The place stinks of urine and vomit and sweat with heavy disinfectant overtones. Close by, and far away, I hear the other patients as they talk to whoever lives in their private hells. Some are speaking to unknown companions in a soft and soothing murmur. They repeat the same phrases over and over, a mantra that keeps them alive. Others laugh maniacally out loud. Their unseen companions are obviously the most hysterically funny people on Earth. Deep in the bowels of the ward I hear a scream and a woman's voice barking out long low grunts. Later I hear a single scream of, "Sarah!".

As we pass down the hallway I glance to the right and to the left. Every few feet we pass heavy steel doors with massive locking handles of stainless steel. Each door has a tiny wire-reinforced window up high and a small narrow slot lower down. An orderly wearing a rumpled white suit and black shoes is locking one of the doors with a key from a huge brass ring. There are at least a hundred keys there, one for each cell. Just like a jail.

Halfway down I look up and see a large window set in the cold, granite at the end of the corridor. It is very large and out of proportion to the confined hallway. It soars from near the floor all the way up to the high ceiling. If this were a church it would be filled with beautiful stained glass filtering light into delicate colors on the floor. Here it is nothing more than a light source, a holdover from the days when the place was new and there was no electricity.

The sun streams into the window and holds tiny particles of dust aloft in the warm, damp air. I wonder why the place is so dim with all the sunlight about. When I get closer to the window I see that most of the light is blocked out by persistent grime, the chicken wire embedded in the glass, and the rusty iron bars bolted to the outside.

Just next to the pool of light sits my Grandma. She rocks steadily in a chair, staring at the light and slowly grinding snuff against her lower lip. Every so often she lifts a small, discarded snuff can to her lips and spits a long string of brown liquid into it. The can has a blue and gold label that says "Top". It has a picture of a jaunty little yellow top playfully spinning against a blue background.

She looks up slowly from whatever she sees in the light on the floor. She seems suspended in a thick, viscous liquid, like honey. Her movements are painfully slow. She is wearing a light purple dress covered with tiny white flowers. It is exactly the kind of dress that women wear in movies about the Old West. Her face is chubby and pink and covered with a fine white down. Her hair, once long and luxuriant, is now wrapped into a huge, messy-white pile on her head. Here and there soft pink scalp shows through and I notice that there are far too many bobby pins holding it all together.

Synapses firing at the speed of a slow metronome, she looks at us. A faint glimmer of recognition begins in her cloudy eyes and spreads to the corners of her eyes. It crawls at an excruciating pace, one muscle at a time, to the corners of her mouth. She slowly bends her mouth into a broad smile, revealing her missing teeth and snuff stains.

She leans closer and kisses me on the cheek. As she pulls back, she gives me a pinch and murmurs, "Jackie." She smells of old sweat and snuff. I notice a dry tear just under her right eye. She doesn't take the time to wipe it away.
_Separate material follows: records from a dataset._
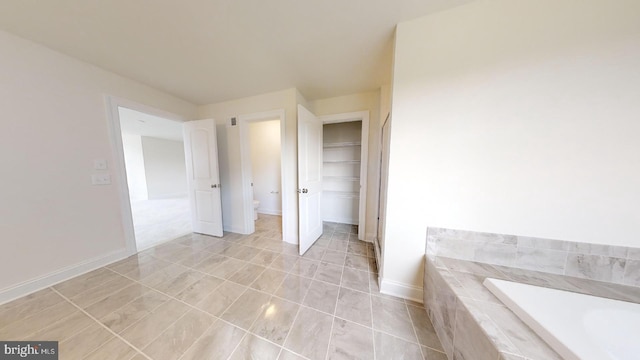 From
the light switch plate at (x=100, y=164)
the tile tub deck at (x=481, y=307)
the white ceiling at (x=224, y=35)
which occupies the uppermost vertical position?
the white ceiling at (x=224, y=35)

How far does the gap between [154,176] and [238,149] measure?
587cm

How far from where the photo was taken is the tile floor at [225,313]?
1097mm

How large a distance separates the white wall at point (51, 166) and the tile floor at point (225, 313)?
11.6 inches

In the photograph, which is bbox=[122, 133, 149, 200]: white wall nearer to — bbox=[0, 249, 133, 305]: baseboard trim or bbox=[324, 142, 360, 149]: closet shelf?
bbox=[0, 249, 133, 305]: baseboard trim

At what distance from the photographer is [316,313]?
54.0 inches

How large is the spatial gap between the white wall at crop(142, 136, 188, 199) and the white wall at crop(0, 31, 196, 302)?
4.82 meters

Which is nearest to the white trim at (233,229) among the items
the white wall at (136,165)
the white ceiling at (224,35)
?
the white ceiling at (224,35)

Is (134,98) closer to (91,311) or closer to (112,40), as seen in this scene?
(112,40)

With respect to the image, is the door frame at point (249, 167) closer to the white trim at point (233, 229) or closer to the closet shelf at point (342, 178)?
the white trim at point (233, 229)

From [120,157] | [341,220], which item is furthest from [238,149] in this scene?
[341,220]

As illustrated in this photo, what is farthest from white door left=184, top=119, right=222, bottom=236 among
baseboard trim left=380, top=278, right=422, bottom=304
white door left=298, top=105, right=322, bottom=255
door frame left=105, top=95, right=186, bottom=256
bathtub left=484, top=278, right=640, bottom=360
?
bathtub left=484, top=278, right=640, bottom=360

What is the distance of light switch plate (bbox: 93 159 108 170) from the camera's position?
1.93 metres

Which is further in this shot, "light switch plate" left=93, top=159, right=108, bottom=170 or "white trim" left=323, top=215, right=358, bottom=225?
"white trim" left=323, top=215, right=358, bottom=225

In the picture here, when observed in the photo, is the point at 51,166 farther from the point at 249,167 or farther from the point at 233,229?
the point at 233,229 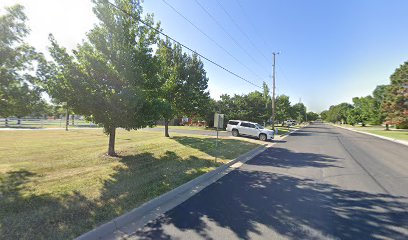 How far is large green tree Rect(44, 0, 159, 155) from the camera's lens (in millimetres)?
8164

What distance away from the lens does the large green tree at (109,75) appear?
8164 millimetres

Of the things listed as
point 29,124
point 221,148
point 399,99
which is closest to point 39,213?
point 221,148

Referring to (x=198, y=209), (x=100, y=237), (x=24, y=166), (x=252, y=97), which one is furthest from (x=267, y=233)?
(x=252, y=97)

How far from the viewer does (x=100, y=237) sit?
390 cm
As Mom and Dad talk to her in hushed tones, I look away from the group. An old man with a huge hooked nose and very scratchy beard shuffles over and looks at me like I'm an alien. Mom and Dad are occupied with Grandma and don't take much notice of the old man or of me.
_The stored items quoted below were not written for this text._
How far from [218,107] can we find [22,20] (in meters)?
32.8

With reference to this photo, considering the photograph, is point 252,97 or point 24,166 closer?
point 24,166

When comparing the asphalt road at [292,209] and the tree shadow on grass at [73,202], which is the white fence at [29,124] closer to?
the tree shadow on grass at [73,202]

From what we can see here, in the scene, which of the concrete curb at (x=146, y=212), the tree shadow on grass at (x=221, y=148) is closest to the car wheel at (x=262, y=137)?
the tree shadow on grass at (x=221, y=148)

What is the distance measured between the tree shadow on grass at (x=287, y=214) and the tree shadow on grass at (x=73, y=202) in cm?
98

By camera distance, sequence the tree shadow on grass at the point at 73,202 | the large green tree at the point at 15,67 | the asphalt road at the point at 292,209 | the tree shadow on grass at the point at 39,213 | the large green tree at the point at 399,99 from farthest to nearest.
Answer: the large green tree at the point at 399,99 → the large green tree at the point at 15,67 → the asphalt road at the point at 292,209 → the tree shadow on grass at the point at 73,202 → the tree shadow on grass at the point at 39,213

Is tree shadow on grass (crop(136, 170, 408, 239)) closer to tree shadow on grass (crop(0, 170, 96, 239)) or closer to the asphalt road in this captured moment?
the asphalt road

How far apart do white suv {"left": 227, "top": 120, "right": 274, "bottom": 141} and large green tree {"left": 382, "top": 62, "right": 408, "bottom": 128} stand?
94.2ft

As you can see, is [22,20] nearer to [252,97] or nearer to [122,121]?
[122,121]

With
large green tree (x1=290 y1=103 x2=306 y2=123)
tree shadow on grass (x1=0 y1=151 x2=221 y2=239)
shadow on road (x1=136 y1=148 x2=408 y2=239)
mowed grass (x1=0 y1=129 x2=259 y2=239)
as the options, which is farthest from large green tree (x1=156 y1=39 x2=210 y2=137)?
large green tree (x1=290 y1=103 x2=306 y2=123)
He slowly reaches down and touches the top of my head with a shriveled old claw. The hand is bent and leathery and has long, dirty fingernails. As he lovingly rubs my head a tear appears just under his right eye too.
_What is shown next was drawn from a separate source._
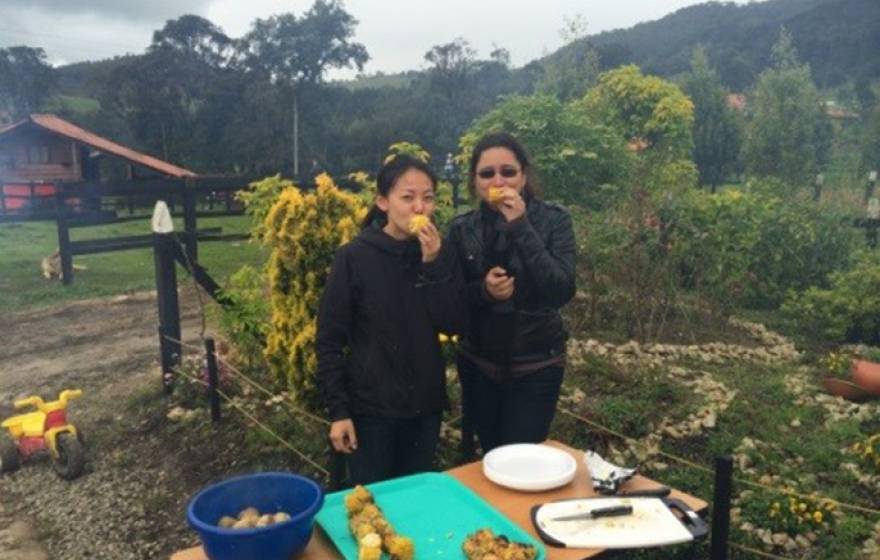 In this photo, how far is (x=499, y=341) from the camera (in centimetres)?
286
Today I realized something about the place. It is a place where people come and sat in rocking chairs. They stare at the sun filtering in through the big window at the end of the hall. They sit and grow old and watch helplessly as their minds slowly abandoned them. When everything is gone, and they can no longer muster that faint and glacial glow of recognition, death sneaks up on them and takes them anonymously away.

I imagine that death doesn't use the front door. I think it goes out through the window and into the bright sunshine outside.